*Exercise brief*
The reply is to contain the full listing, repeated exactly, with pictures left out.

*Provided data*
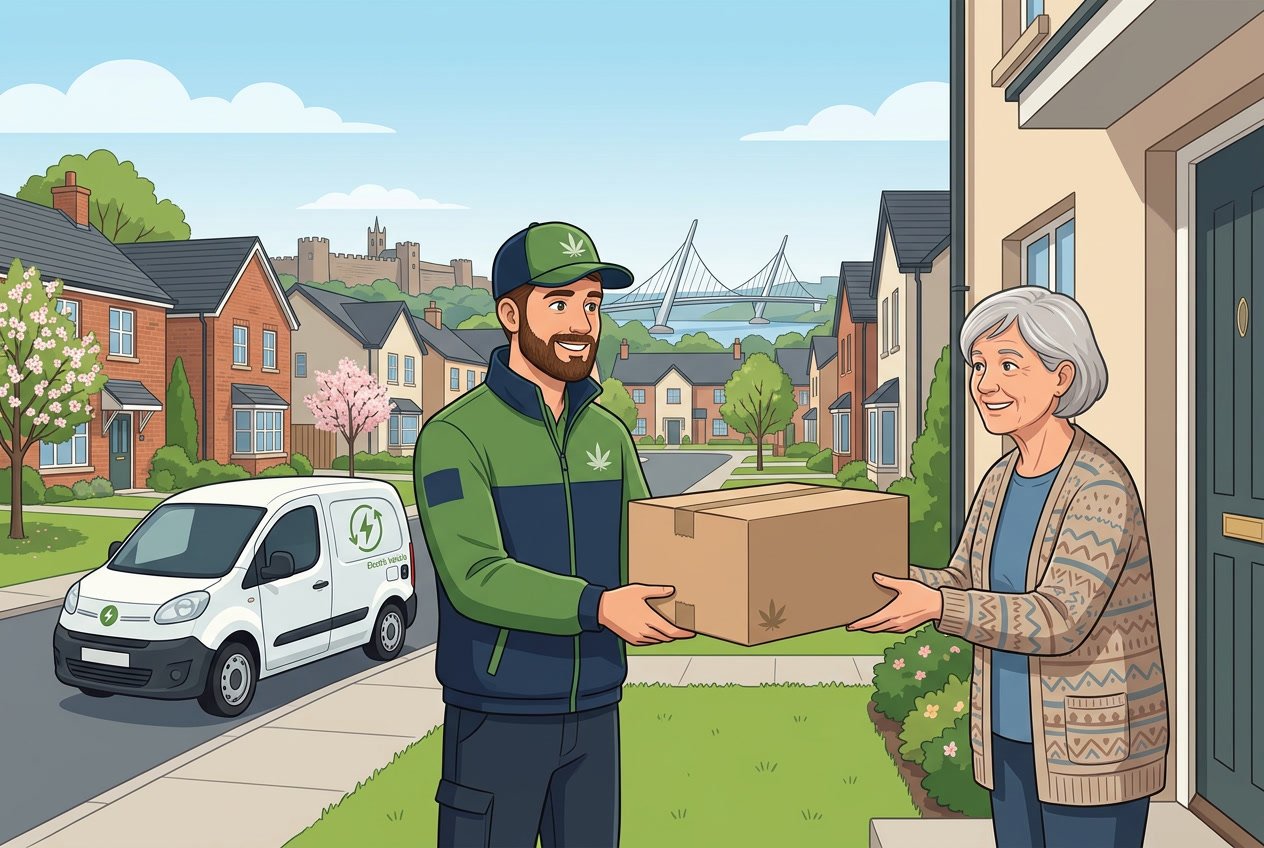 A delivery person handing a small package to a customer outside a house in a neighbourhood with Derry landmarks in the background.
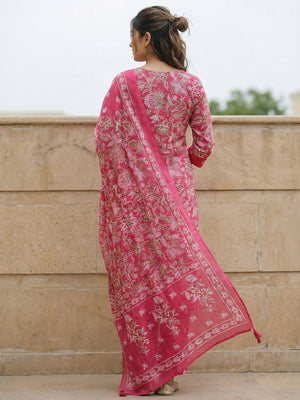 Beautiful Pink Floral Pattern Pure Cotton Kurta Salwar Set with Printed Dupatta - Image 2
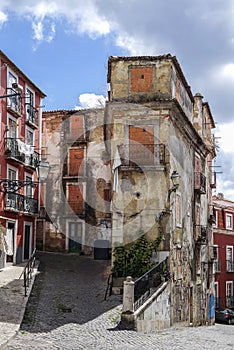 Old, abandoned and empty street of Lisbon, Portugal.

*Finished exercise*
 A delivery person handing a small package to a customer outside a house in a neighbourhood with Derry landmarks in the background.
 Beautiful Pink Floral Pattern Pure Cotton Kurta Salwar Set with Printed Dupatta - Image 2
 Old, abandoned and empty street of Lisbon, Portugal.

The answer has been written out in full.